Proc sql subquery based on nonexisitng column returns not null - sas

Here is a sample code that was derived from actual application. There are two datasets - "aa" for a query and "bb" for subquery. Column "m" from datasets "aa" matches column "y" from datasets "bb". Also, there is "yy" column on "aa" table has a value of 30. Column "m" from datasets "aa" contains value "30" in one of its rows, and column "y" from datasets "bb" does not. First proc sql uses values from "y" column of "bb" table to subset table "aa" based on matching values in column "m". It is a correct query and produces results as expected. Second proc sql block has column "y" intentionally misspelled as "yy" in subquery in a row that stars with where statement. Otherwise the whole proc sql block is the same as the first one. Given that there is no column "yy" on dataset bb, I would expect an error message to appear and the whole query to fail. However, it does return one row without failing or error messages.

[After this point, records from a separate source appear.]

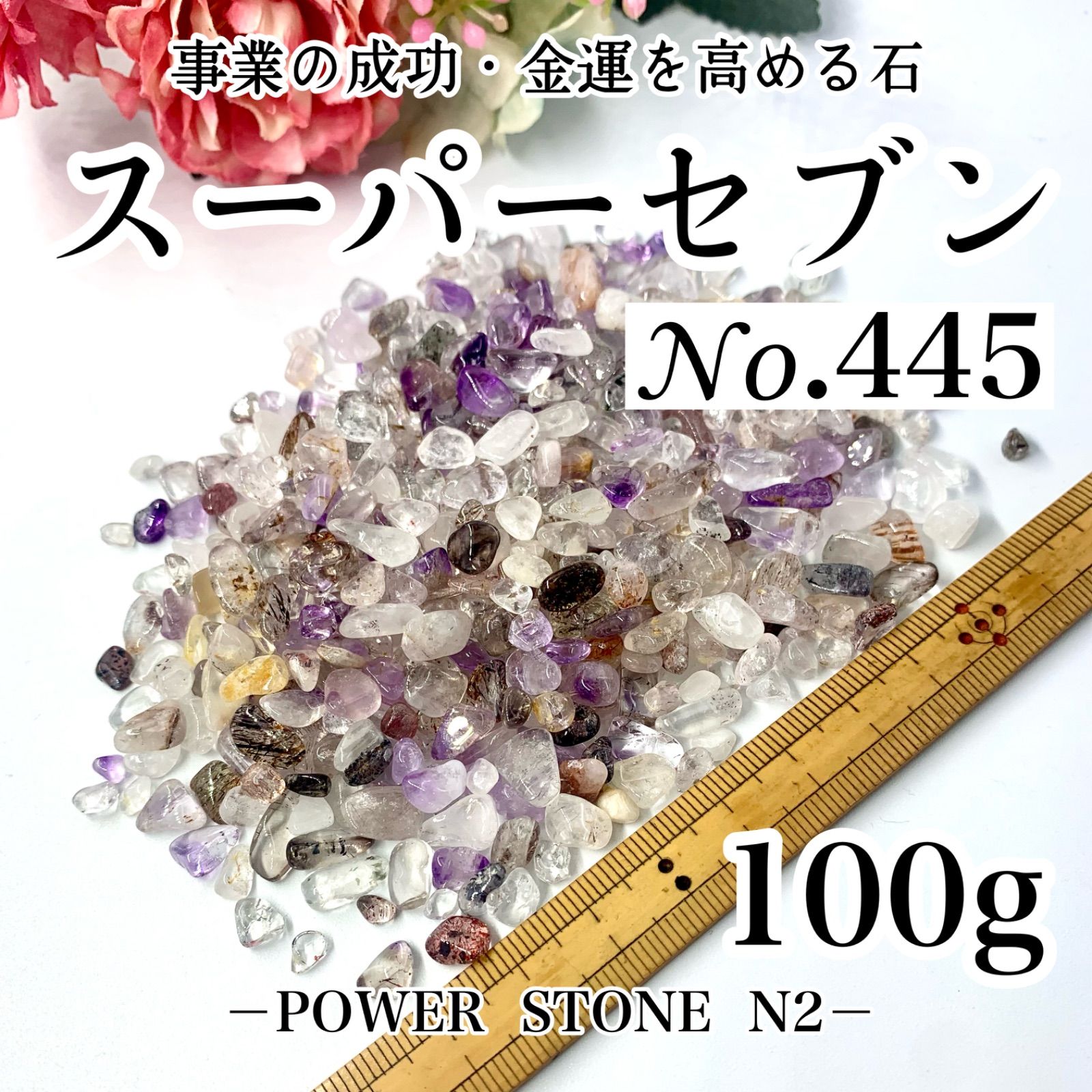 メルカリ出品石地蔵　175 メルカリ出品石地蔵 175 【公式通販】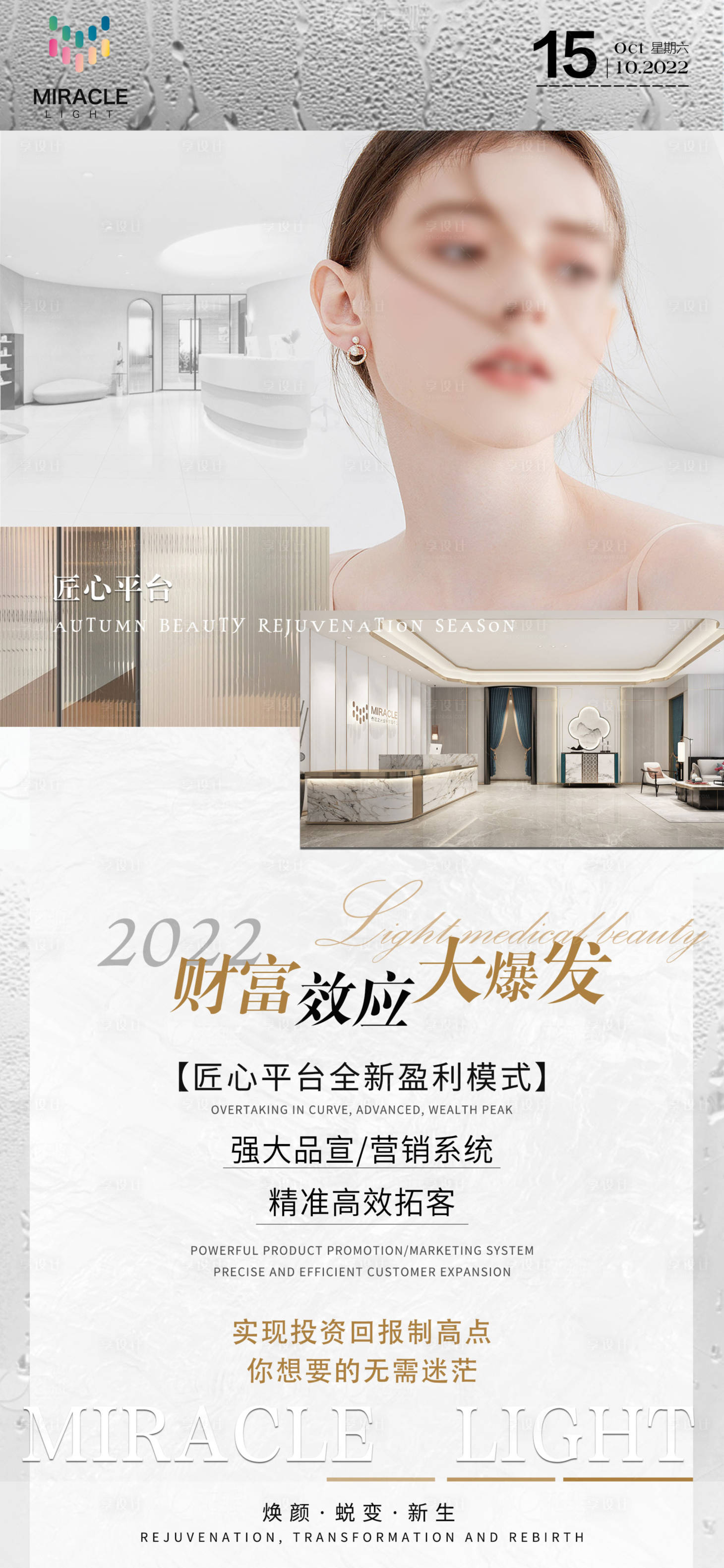 源文件下载【轻医美品牌宣传海报】编号：29830024191509326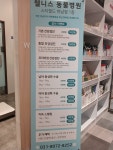 웰니스동물병원 스타필드 하남점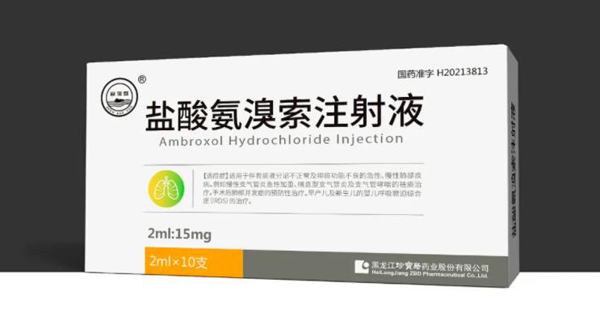 体育平台app线上官方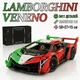 Конструктор KBOX 10222, Lamborghini Veneno, 3611 деталей - изображение 1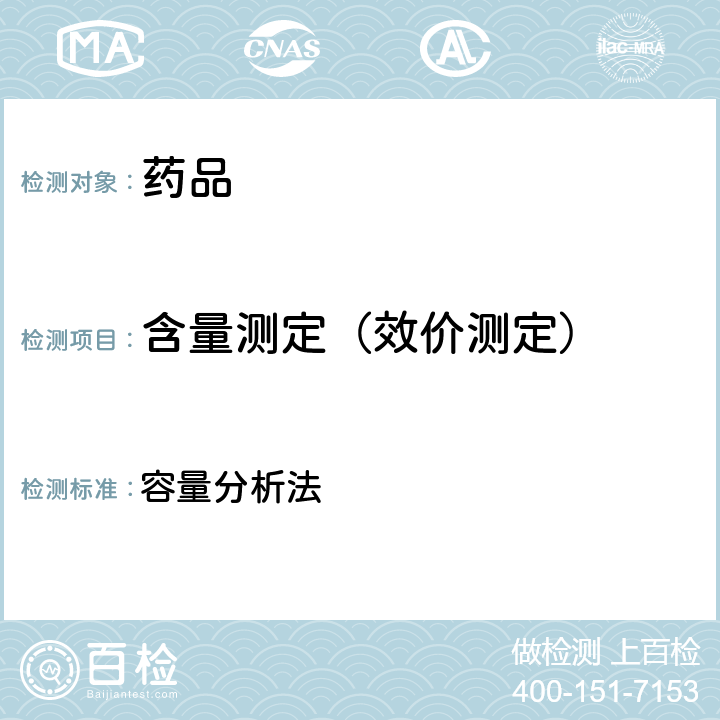 含量测定（效价测定） 中国药典2020年版一部/二部 容量分析法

Closer look would suggest that it actually uses "yy" column from table "aa" (see tree in the log output). I do not think this is a correct behavior. If you would have some comments or explanations, I would greatly appreciate it. Otherwise, I maybe should report it to SAS as a bug. Thank you!
Here is the code:
options
msglevel = I
;
data aa;
do i=1 to 20;
m=i*5;
yy=30;
output;
end;
run;
data bb;
do i=10 to 20;
y=i*5;
output;
end;
run;
option DEBUG=JUNK ;
/*Correct sql command*/
proc sql _method
_tree
;
create table cc as
select *
from aa
where m in (select y from bb)
;quit;
/*Incorrect sql command - column "yy" in not on "bb" table"*/
proc sql _method
_tree;
create table dd as
select *
from aa
where m in (select yy from bb)
;quit;
Here is log with sql tree:
119 options
120 msglevel = I
121 ;
122 data aa;
123 do i=1 to 20;
124 m=i*5;
125 yy=30;
126 output;
127 end;
128 run;
NOTE: The data set WORK.AA has 20 observations and 3 variables.
NOTE: DATA statement used (Total process time):
real time 0.00 seconds
cpu time 0.00 seconds
129
130 data bb;
131 do i=10 to 20;
132 y=i*5;
133 output;
134 end;
135 run;
NOTE: The data set WORK.BB has 11 observations and 2 variables.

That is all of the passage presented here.